As a kid I remember fishing from a dock in front of a motel we stayed at on a lake in Michigan. This was great excitement for a little six or seven year old kid. Stars above, lily pads and the occasional plop of a fish jumping. Those were the days, when catching a small catfish meant the world to me.
Now I’m fishing in the dark again, at the Musée de la civilisation in Quebec City. There, we wander through dark rooms, filled with horribly lit exhibits, forever wondering what idiot decided that museum-goers wanted to experience a haunted house atmosphere while trying to see the displays.
But on a day in December, there I was, with a couple of my sketching buddies, sitting in the dark with book lights on our sketchbooks, trying to draw the few objects that were lighted well enough that we could kinda-sorta see them.
I was drawing an extinct sea bass that must have been 12-15 feet long.
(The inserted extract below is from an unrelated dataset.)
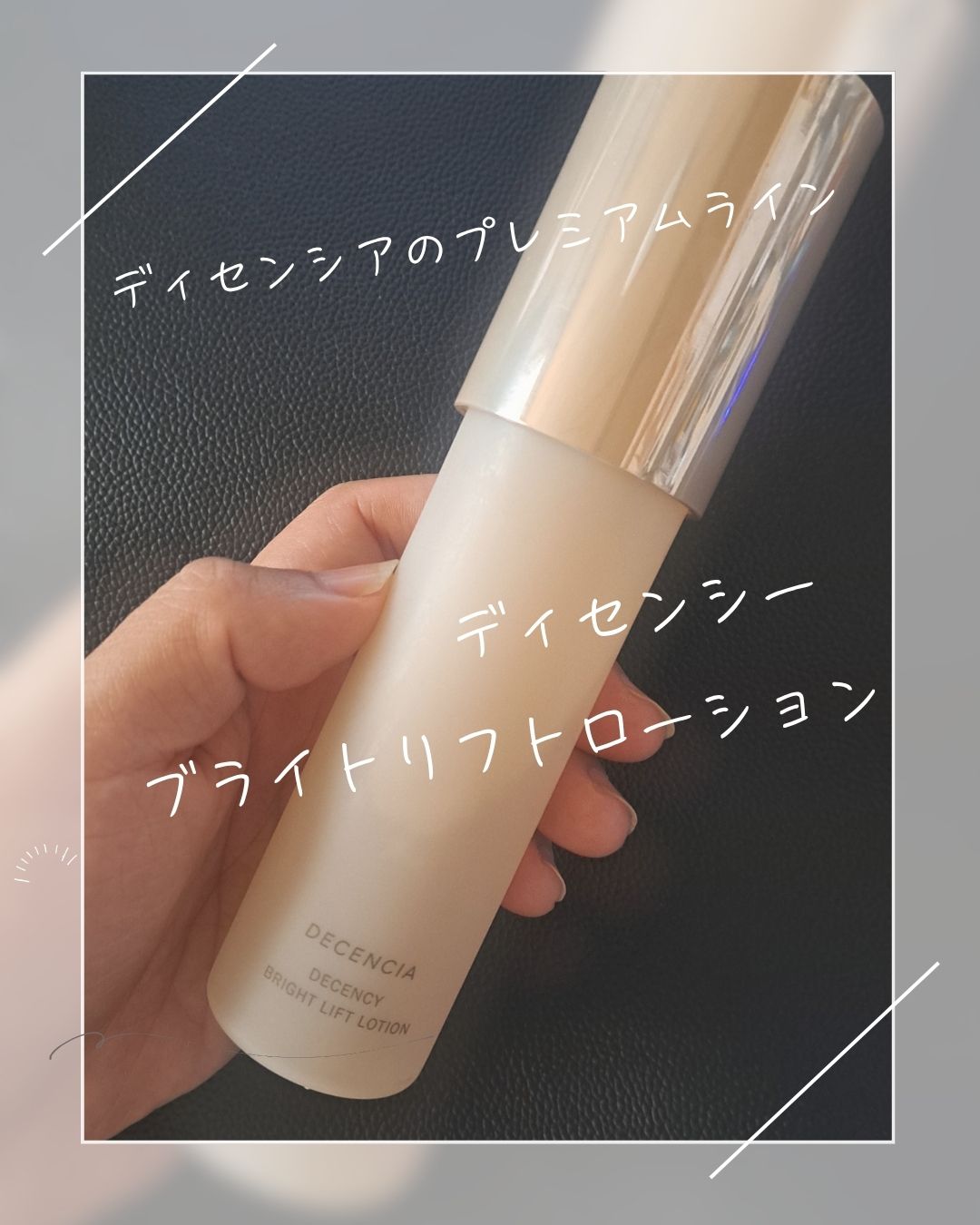 ディセンシー ブライトリフト ローション/DECENCIA/化粧水を使ったクチコミ（1枚目）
It was massive. It was less than eight feet away from me and yet I couldn’t see it. Repeatedly I had to get up, walk over to the fish and look hard to find where the belly of the fish was and to find the pectoral fin. And, of course, the most pressing question of all required another walk – what did the tail look like? After all, it was only three feet tall so how could I expect to be able to see it from eight feet away (grin)
I tell you all this because I’m going to show you my sketch of this giant fish but I can’t vouch for accuracy whatsoever. But I did capture a fish, in the dark, on that December day.